9 🔮 Linear Regression

99% of the time in Stats, you’re not just looking for an association. You want a regression line to create a linear model.

A regression line summarizes the relationship between the two variables, but only in a specific setting: when one of the variables helps explain or predict the other. Regression, unlike correlation, requires that we have an explanatory variable and a response variable.

A regression line is a model for the data, much like a sample space in our Probability unit. The equation of a regression line gives a compact mathematical description of what the model tells us between the response variable y and the explanatory variable x.

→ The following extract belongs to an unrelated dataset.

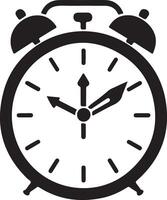 Alarm clock icon silhouette, illustration isolated on white background vector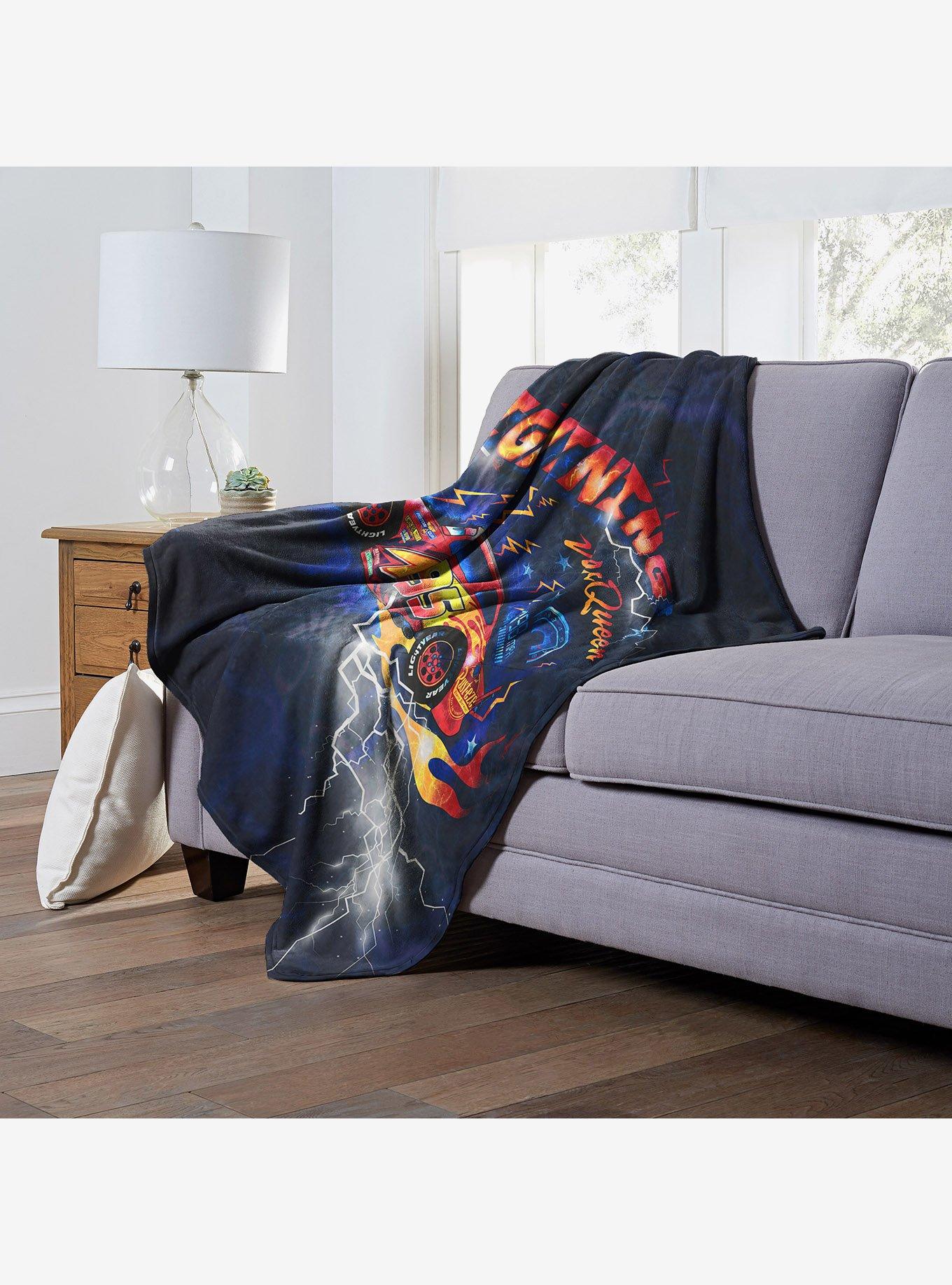 Disney Pixar Cars Sizzling Mcqueen Throw Blanket, , alternate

We construct a linear model using the lm command, and store it into the variable reg_line.

reg_line<- lm(Orange$circumference~Orange$age)

If you were waiting for the regression line to suddenly appear on the scatterplot, it won’t. You must call a separate command abline(), which adds the line on top of the existing scatterplot as a new layer.

This means that you must run plot() first to create the scatterplot, and then abline() right after.

plot(y= Orange$circumference,
     x= Orange$age,
     main= "Age of Orange Trees vs. Circumference of Trunks",
     xlab= "Age of Tree (Days since Dec. 31, 1968)",
     ylab= "Trunk Circumference (mm)")

abline(reg_line, col="red")
A Scatter Plot of Diamond Weight and Diamond Price

FIGURE 9.1: A Scatter Plot of Diamond Weight and Diamond Price

Like the boxplot() command in 6.4.2, the lm() command takes on two variables in the order of y~x. Be careful with placement– you always want the x variable, the explanatory variable, on the x-axis.

9.1 Create a Residual Plot

A residual is the difference between an observed (actual) value of the response variable and the predicted value by the regression line. You calculate it by: \[ \text{residual} = \text{observed y} - \text{predicted y} = y - \hat{y}\]

A residual plot takes every residual and plots it in a separate scatterplot. In effect, residual plots turn the regression line horizontal. It magnifies the deviations of the points from the line, making it easier to see unusual observations and patterns. You should always evaluate whether a linear regression line is a good fit for the model.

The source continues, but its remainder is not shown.